I think it’s because it’s just easier to use the word “name”. The nickname seems a little strange.
And the name Attila? Now there’s a different name to the story, especially since it belonged to an infamous figure named Attila the Hun – one of the world’s most powerful rulers of the fifth century.
I have always been sensitive to the first name Agrippina, a powerful Roman empress.
How about a well-known name from past history – Cleopatra. I’m not sure I’ve ever heard of a modern woman with that name, but it would certainly be distinctive – and unforgettable.
Or that distinctive name from the story – Godiva, as in Lady Godiva.
Let’s remember her name if she hadn’t rode naked on horseback – at least in legend – through the streets of Coventry, England, to obtain remission of the oppressive taxes her husband had imposed on his tenants, with only her long hair covering her body? It kind of conjures up the idea that she was the first tax patriot of the eventual American Revolution.
Well, that’s a thought.
Or, Hannibal, that famous name of the great general who took over the Roman Empire with his army led by elephants.
Now I have found a relative from my genealogical past – who made one of the first voyages on the Mayflower since the founding of the New World – named Kenelm. That’s a name to get your attention.
The Anglo-Saxon name comes from Saint Kenelm, who was revered in medieval England and mentioned in Chaucer’s “Canterbury Tales”.
I’ve always been fascinated by the name Lucrezia, as in the famous Italian-Spanish noblewoman from the famous/infamous House Borgia — of history.
Saladin’s name is etched in the history of the past, which struck terror among Christian crusaders in Jerusalem and the Middle East.
Of course, Saladin is the bastard name of the great Islamic general.
As many Western peoples were unable or unwilling to pronounce it correctly, the Crusaders gave Saladin this name because they were unable to pronounce his name correctly – Ṣalāḥ ad-Dīn.
A unique name from ancient history is Xerxes, a king of the ancient Persian/Achaemenid Empire, who attempted to conquer Greece.

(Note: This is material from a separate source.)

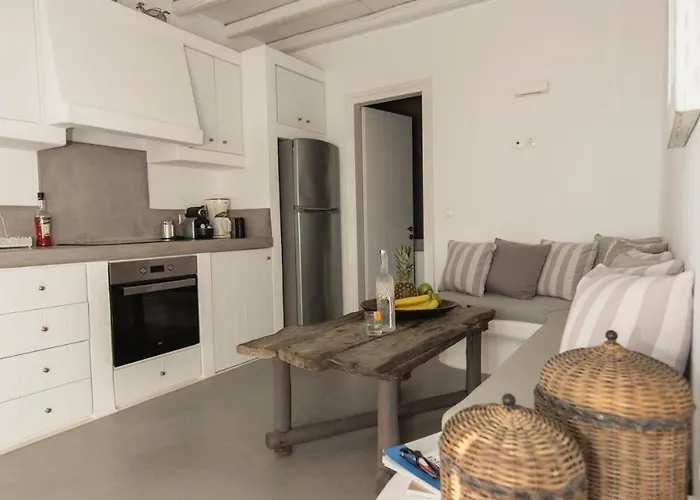 Stylish Mykonian Semi-private Huge Pool Apartament Houlakia (Mykonos)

Of course, here in America, many names come from the Holy Bible. Names like James and John, Luke and Esther, Mary and David, have existed for much of our history. Presidents like John Adams, Thomas Jefferson, James Monroe, Andrew Jackson and Abraham Lincoln – all had first names that come straight from the Bible.
Today’s names probably don’t come from history, but are no less unique.
Baby names like Liam, Noah, Sophia, Poppy, Willow, Phoebe, Paige, Harper, Finley, Harrison, and Hunter are popular names today.
It seems the names go back and forth between modern and not-so-modern. I guess it’s all in what your imagination can come up with.
We’re stuck with our names, but at the same time, they are what we make them.
Now I’m expecting the first baby named Covid.